Jessie Carney was born on September 24, 1930, in Greensboro, North Carolina, to James Ampler Carney and Vesona (Bigelow) Carney.[3] She attended James B. Dudley High School in Greensboro.[4]
She graduated from North Carolina A&T State University with her B.S. degree in home economics in 1950. Smith received her M.A. degree in child development from Michigan State University in 1956, and her M.A.L.S. degree from the George Peabody College of Vanderbilt University in 1957.
Smith began working as an instructor and library cataloger at Tennessee State University in 1957. She enrolled in a Ph.D. program at the University of Illinois in 1960, and became the first African American to earn a Ph.D. degree in library science from the University of Illinois in 1964. Smith was hired as a professor of library science at the university library of Fisk University in Nashville, Tennessee, in 1965. Smith was appointed dean of the Fisk University library in 2010. She retired in 2020.[5]
She has served as consultant to the U.S. Office for Civil Rights, the U.S. Office of Education, the National Endowment for the Humanities, and the Southern Association of Colleges and Schools. She was awarded Fisk University's Camille Cosby Distinguished Chair in the Humanities in 1992.
Smith has published numerous research guides and reference books, specifically exploring the gaps in scholarship around African-Americans. She has published three separate volumes of Notable Black American Women (in 1991, 1996, and 2003) and two separate volumes of Notable Black American Men (in 1999 and 2006). Her other books include Black Heroes of the Twentieth Century, Freedom Facts and Firsts: 400 Years of the African American Civil Rights Experience, and Black Firsts: 4000 Groundbreaking and Pioneering Historical Events, among others.
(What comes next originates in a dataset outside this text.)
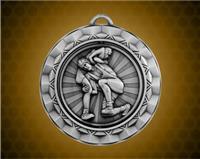 2 5/16 inch Silver Wrestling Spinner Medal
Smith is best known for her work as an African-American studies scholar, and has received a number of awards for her work in libraries and as an author.[6] She was awarded the Martin Luther King Black Authors Award in 1982 and the National Women's Book Association Award in 1992. She received the Candace Award for excellence in education in 1992,[7] and distinguished alumni awards from both the Peabody College of Vanderbilt University and the University of Illinois. Smith was named the Academic/Research Librarian of the Year from the Association of College and Research Libraries in 1985, and in 1997 Smith received the key to the city of Oak Ridge, Tennessee. In 2020, upon her retirement, Smith was granted the title of Librarian Emerita by Fisk University.